Reports of smishing in the UK are 15 times higher than reports of smishing in the US, according to Proofpoint.

UK data shows there is a three to one ratio of parcel smishing attacks to banking smishing attacks. Voicemail smishing – where scammers send a text pretending to have a link to a voicemail - is also a more recent technique.

Which? research shows that 71 per cent of people say they don’t trust text messages from companies to be free from scam risks.

To help businesses protect their customers and differentiate their texts from those sent by scammers impersonating them, Which? has launched an SMS guide with support from across the banking, delivery and mobile industries.

Mobile UK, the trade body representing mobile network operators; AICES, which represents delivery companies; and Consumers International, which speaks for consumer organisations in over 100 countries, are among those throwing their support behind the initiative.

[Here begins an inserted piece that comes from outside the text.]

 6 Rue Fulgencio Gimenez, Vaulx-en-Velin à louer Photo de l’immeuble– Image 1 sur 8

In addition to these organisations, big delivery companies Hermes and DPD and banks Barclays and TSB have already agreed to adopt Which?’s ten-point guide.

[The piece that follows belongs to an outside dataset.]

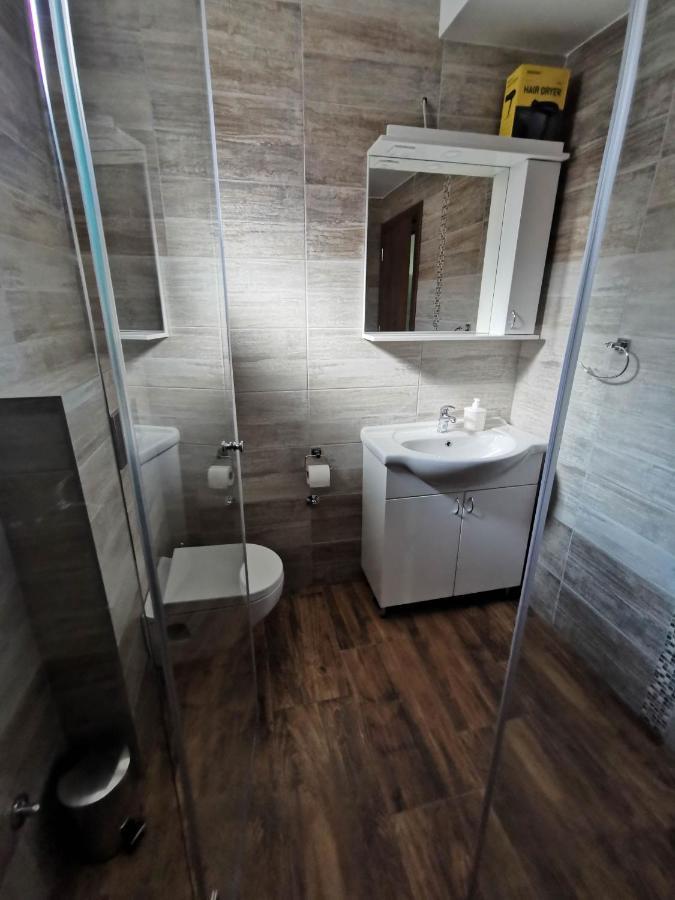 Pecinci Sobe I Apartmani Casa Mia מראה חיצוני תמונה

The guide recommends avoiding hyperlinks where possible, not including phone numbers and protecting company SMS Sender IDs so they cannot be spoofed by fraudsters.

Rocio Concha, Which? director of policy and advocacy, said: “Businesses must play their part to protect people from scams. Our SMS guide aims to help organisations differentiate their texts from the scammers impersonating them so consumers can more easily recognise scam SMS messages.

“We welcome the commitment by the businesses who have signed up to our guide and hope this will encourage more organisations to consider how they can better protect their customers from fraud.”